Wednesday, February 12, 2020

It Hurts to Say Goodbye...Because I'm Smiling so Big

I watched the savant of sanctimony Pat Robertson walk out of the 1988 GOP primary with nine percent of the vote, having captured the party delegations of exactly four states. In 2008 I watched the sultan of smug, Mike Huckabee, go to the elimination that math promised him even though he "majored in miracles," securing about a sixth of the delegates that eventual nominee John McCain would win.

But I can't ever remember looking forward to watching a candidate suspend a campaign as much as I am to Senator Elizabeth Warren's all-but-inevitable annoucement. Even a brief list of her gaffes, fibs and political nonsense would stretch my word count well into four digits. Lying about Native American heritage, lying about her kids attending public school, lying about being fired for being pregnant, lying about...well, you get the picture. The reactor-level smarm of asking the Chief Justice of the United States Supreme Court to read aloud a question about whether or not his reputation would recover following the impeachment trial, rather than having the guts to say something like that in her own voice and words. The Klaatu-like inability to connect with or react to ordinary human beings in any way that marked a feeling of connection with them. The vacuous speciousness of her "I have a plan for that" mantra describing an assortment of shallow talking points that might work in a science contest diorama of Earth but not in the one everybody really lives on.

I am under no illusions about the ballot choices facing Americans in November. The incumbent, a man who can't get out of his own way for more than 18 hours and whose narcissism and childish ego simply will not allow the national conversation to have anything other than his own exalted self as the center. A man who insists on slapping a thick coat of buffoonery over a few legitimate accomplishments and who thus demands again and again that you remember he is of unfit character to hold the office wherin he sits.

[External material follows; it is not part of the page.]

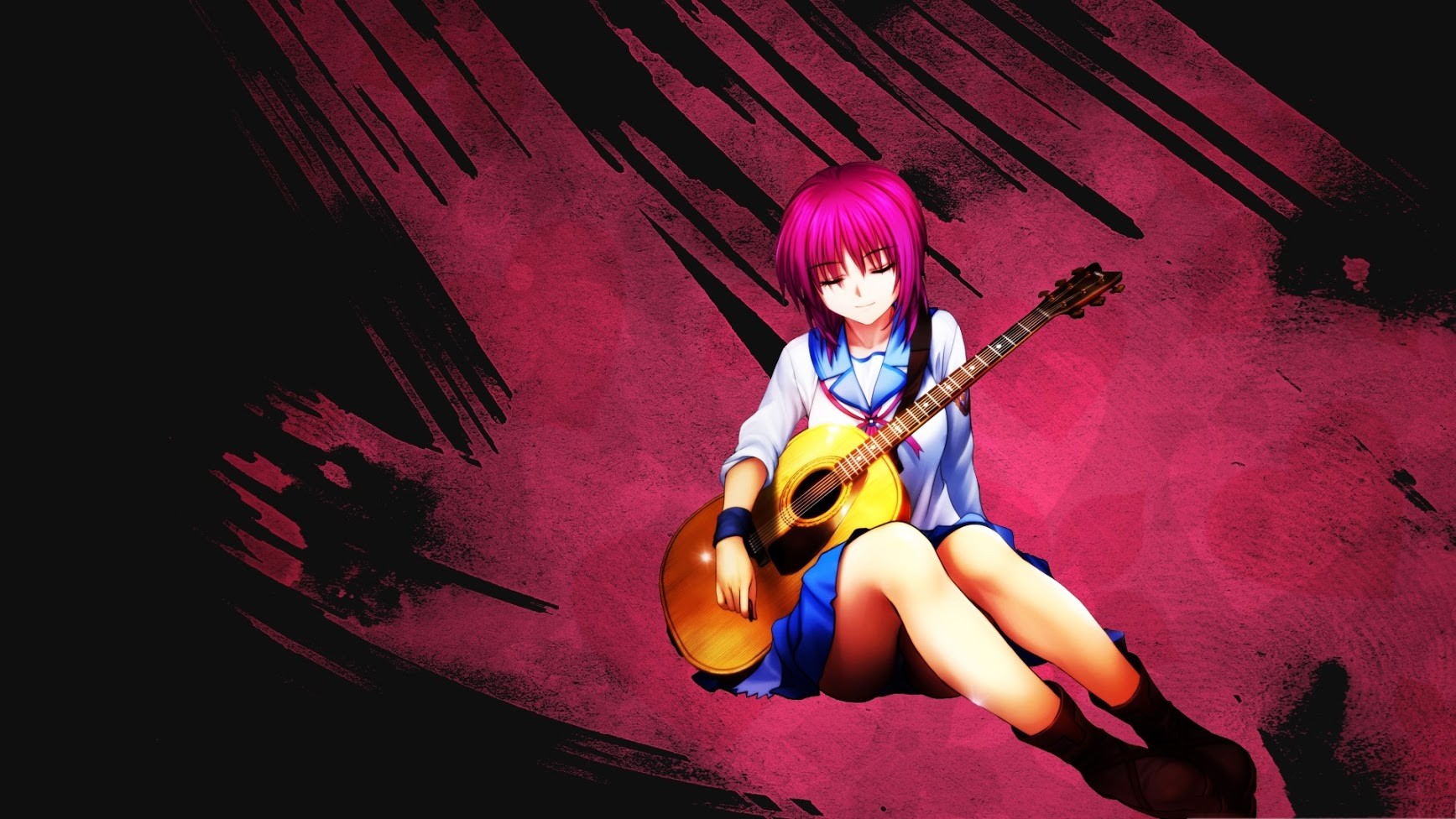 Anime Anime Girls Angel Beats School Uniform Guitar Iwasawa Masami 1735x976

As for whatever rough Voltron slouches out of Milwaukee in July, created Toei-like from the mess hammered together from a pretend-Democrat Socialist, a couple of bored billionaires, the two-term mayor of America's 306th largest city and twenty-plus others not good enough to beat them? No thanks. The only political party of which I've ever been a member is almost dead solid certain to supply a candidate for whom I could never vote. Given the sea in which she swims, would a President Warren really be that much worse than a President Booker, Gillibrand, Harris, Inslee, DeBlasio, Swalwell or Williamson would have been had the stars aligned for them and shot deadly meteors at the entire roster of their opponents? Probably not.

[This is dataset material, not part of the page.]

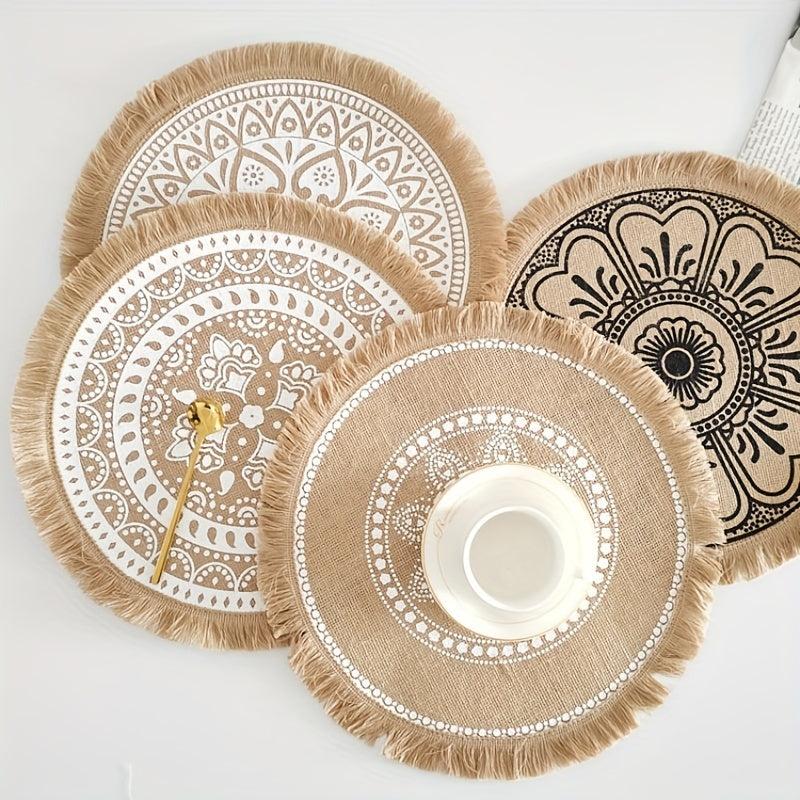 2PCS Boho Jute Placemat Round Woven Table Mat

But she is uniquely oleaginous in enough ways, as hinted above, that it will be a pleasure to not see her name when the votin' comes 'round. Yes, as stated before I am merely waiting for the Libertarian Party to put a name on top of the ballot I intend to mark. And certainly, the ability to vote directly against her would have been satisfying. But even more satisfying is learning that the members of the senator's own party will not even present me with that choice. Waving goodbye to a relentlessly scheming simulacra made of relentless ambition and little else is a lot of fun. But, lazy as I am, it will be even more fun for my former fellow Democrats to do it for me.

3 comments:

Brian J. said...

So tell us how you really feel.

Friar said...

I'd thought about letting it all roll until the thing with Roberts. Got no special affection for his work but that was such a crappy and small thing to do.

OK allows independents to vote in the Dem primary and I've thought of doing so if she's still in the race in order to have an actual hand in her dismissal.

Brian J. said...

I voted in the Democrat primary in 2000 and perhaps 2004. But unlike "Operation Chaos" intent, I wanted to vote for the most palatable of the Democrat candidates.

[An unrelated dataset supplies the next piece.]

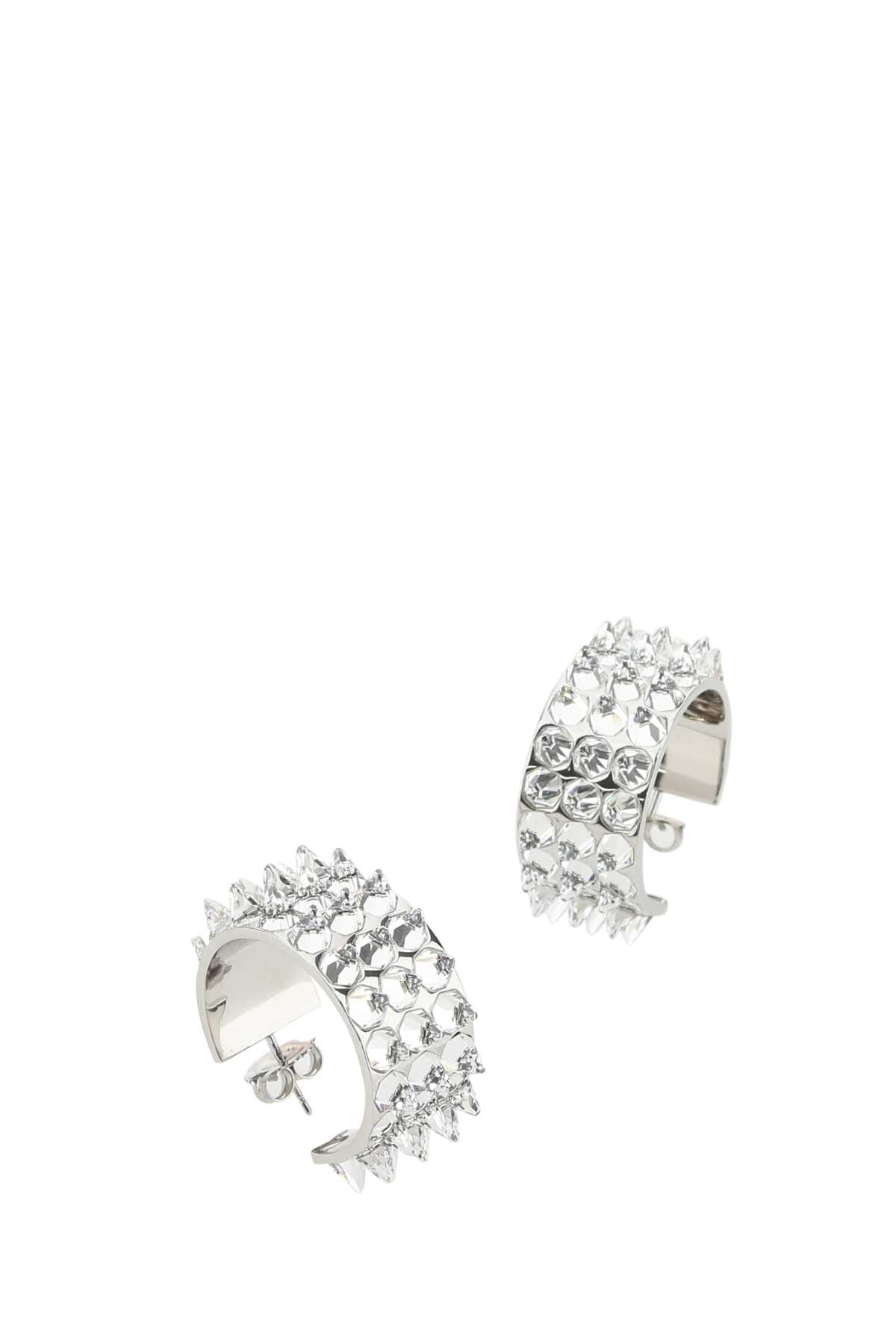 Amina Muaddi Women Embellished Metal Big Karma Earrings - JUSTLUXURY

Neither of the people I voted for went onto the general election.

Now, of course, I'm not sure who I would vote for in the Democrat primary. I'd probably have to write in the most recent Democrat Presiding Commissioner of Greene County. Or the current state auditor who is doing a pretty good job when she's not targeting political rivals. Which is not all of the time, which is probably the best we can hope for in the 21st century.